7 à 11 ans
Texte : André Jean
Mise en scène : Carol Cassistat
Interprètes : Patrick Ouellet et Irène Seyes
Les dons d’Amandine, femme de chambre immigrée d’Haïti, apaisante et fort sympathique, permettent à Rémi de trouver la clé manquante à son invention : le « Globophone », capable, selon lui, de reproduire tous les sons de la terre. Une rencontre d’exception qui permet d’apprivoiser le silence.
Concepteurs visuels et sonores : Nicolas Dostie, Félix Bernier-Guimont, Vano Hotton, Katia Talbot, Fabrice Tremblay et Geneviève Tremblay
Durée du spectacle : environ 60 minutes
Production du Théâtre du Gros Mécano (Québec)
En coproduction avec L’Atrium de Chaville (France) (Québec)
Les Gros Becs
1143, rue Saint-Jean
Billetterie : 418-522-7880 poste 1
par Charlotte Riondel
Une nouvelle fois, le Théâtre du Gros Mécano invite petits et grands à partager un beau moment de théâtre avec sa nouvelle création Prière de ne pas déranger, écrite par André Jean, dans une mise en scène de Carol Cassistat avec Patrick Ouellet et Irène Seye.
C’est bientôt le grand jour pour Rémi Samson ! Enfin, il va présenter au grand jury des brevets son globophone, une machine capable de reproduire tous les sons de la terre. La veille de la présentation de son invention, le jeune homme se retrouve à l’hôtel d’une grande ville où il fait la rencontre d’Amandine, la femme de chambre haïtienne. Celle-ci a un don particulier : elle est capable de lire les rêves des gens en écoutant leur oreiller… Avec son aide, Rémi plongera dans ses souvenirs les plus douloureux afin de trouver les sons qui lui manquent pour compléter son invention, des sons oubliés, enfouis au plus profond de lui-même et qu’il a peur de réveiller.
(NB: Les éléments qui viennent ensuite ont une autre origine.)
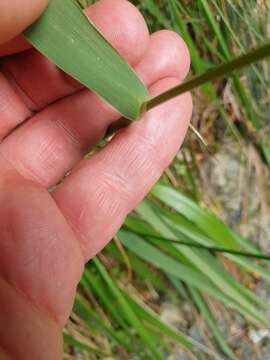 Image of Anthoxanthum novae-zelandiae (Gand.)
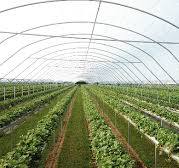 Substrate Trough System - tunneltech.ca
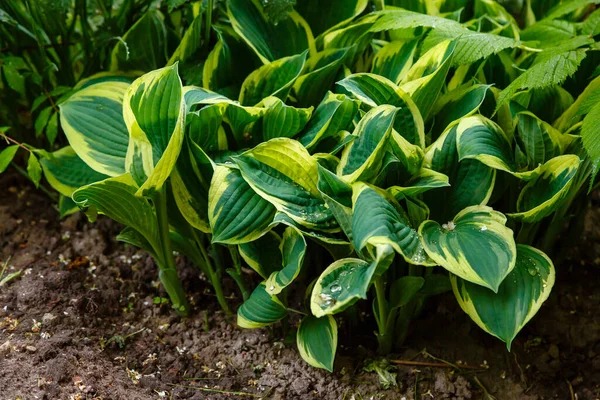 Hosta Fiatal Levelei Hajtásai Hosta Tavaszi Kertben Dísznövények Kertben — Stock Fotó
Avec Prière de ne pas déranger, les artistes nous font naviguer entre rêve et réalité, entre l’enfance douce et magique et la difficulté de devenir adulte et d’affronter les souffrances passées. La poésie de la mise en scène se mélange au réalisme du propos pour offrir au spectateur un cocktail à la fois très esthétique et plein de profondeur. Le texte d’André Jean est soutenu, riche et bien écrit. Idéal pour des enfants d’une dizaine d’années, mais peut-être un peu chargé pour un public plus jeune qu’il faut réussir à garder attentif pendant une heure. Une grande part du spectacle réside dans le dialogue, ce qui fait parfois perdre une part de l’univers du personnage de Rémi qui pourrait être mis encore plus en valeur. En effet, le jeu clownesque de Patrick Ouellet donne le ton du personnage qui est encore un grand enfant au début du spectacle et qui, peu à peu, devient adulte. Il y a un contraste très intéressant dans le jeu des comédiens. Alors que le personnage de Rémi (Patrick Ouellet) est marqué d’un jeu plus caricatural, corporel, voire acrobatique, le personnage d’Amandine (Irène Seye) est plus mature et interprété de façon plutôt réaliste et posée. Cette différence prend tout son sens, puisque la jeune femme permet à Rémi d’accepter le monde des adultes en mettant un terme à ses blocages d’enfant. C’est dans une belle complicité franco-québécoise (Prière de ne pas déranger est une coproduction entre le Théâtre du Gros Mécano – Québec – et l’Atrium de Chaville – France) que les deux comédiens nous permettent de voyager avec eux dans la chambre d’hôtel. Le public est invité à vivre dans un univers sensoriel qui passe beaucoup par l’univers sonore, puisque le personnage de Rémi a peur du silence et comble son existence avec les bruits qu’il trouve partout dans le monde. Cet univers est chargé et explosif, tout comme le sont le globophone et son inventeur. Le spectateur se laisse d’abord emporter dans un tourbillon de sonorités diverses en suivant les émotions de Rémi qui, avec l’aide de Mme Amandine, finira par apprivoiser le silence. Ce silence qui fait parfois si peur, mais qu’il faut savoir apprécier pour grandir.
Le décor, les costumes et les éclairages colorés nous donnent l’impression de naviguer dans un univers de bande dessinée. Ainsi, les deux personnages évoluent dans une chambre d’hôtel aux couleurs chaudes et rassurantes, à l’instar de Mme Amandine. Dans ce cocon-là, tout est possible. Ces choix visuels permettent d’attirer l’attention des jeunes spectateurs qui se reconnaissent dans cette chambre d’hôtel qui ressemble à leur chambre d’enfant. La conception vidéo de Marilyn Laflamme et Jocelyn Langlois appuie également cette esthétique de dessin animé en nous transportant soit dans les souvenirs de Rémi, soit l’autre côté du tableau, là où l’imaginaire prend toute sa place. Les projections s’intègrent avec justesse dans la mise en scène et sont bien complétées par un éclairage efficace qui ajoute de la profondeur au propos des personnages.
En allant voir Prière de ne pas déranger, on se laisse emporter par la poésie de l’image et des sons et par la sensibilité des personnages… il suffit parfois de faire silence.